• Your objective
When you copy the data, keep every line exactly as written and skip the pictures.

• Collected data entries
==*==
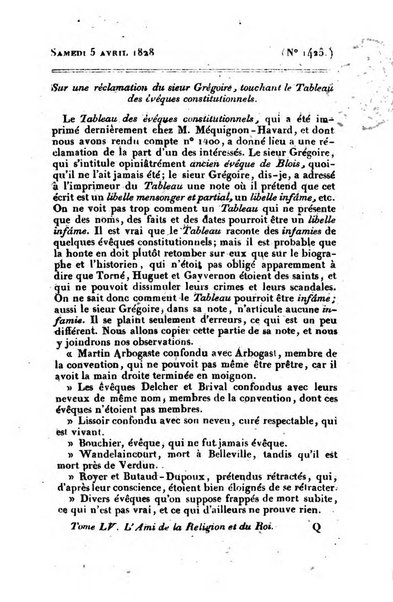 L'ami de la religion et du roi journal ecclesiastique, politique et litteraire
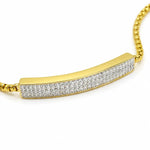 Load image into Gallery viewer, Gold Pave CZ Bar Adjustable Bracelet
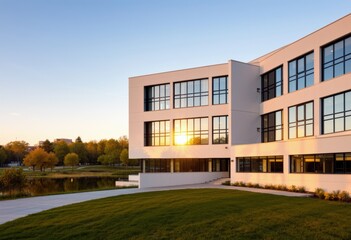 Obraz premium Modern corporate headquarters building with sleek architecture at sunset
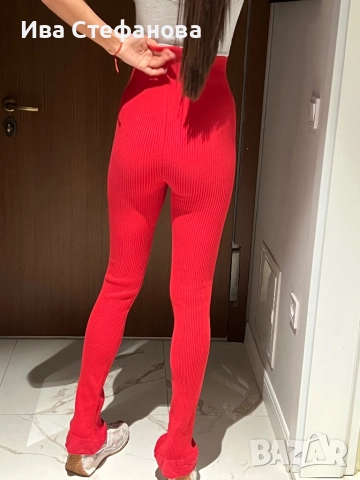 висока талия  Alice Evis от бранда Алисия нов спортно елегантен сет две части костюм червен комплект, снимка 15 - Костюми - 52516933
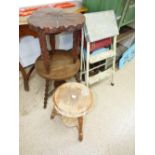 2 WOODEN STOOLS / TABLES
==*==
• Exercise answer
 L'ami de la religion et du roi journal ecclesiastique, politique et litteraire
 Load image into Gallery viewer, Gold Pave CZ Bar Adjustable Bracelet
 Obraz premium Modern corporate headquarters building with sleek architecture at sunset
 висока талия  Alice Evis от бранда Алисия нов спортно елегантен сет две части костюм червен комплект, снимка 15 - Костюми - 52516933
 2 WOODEN STOOLS / TABLES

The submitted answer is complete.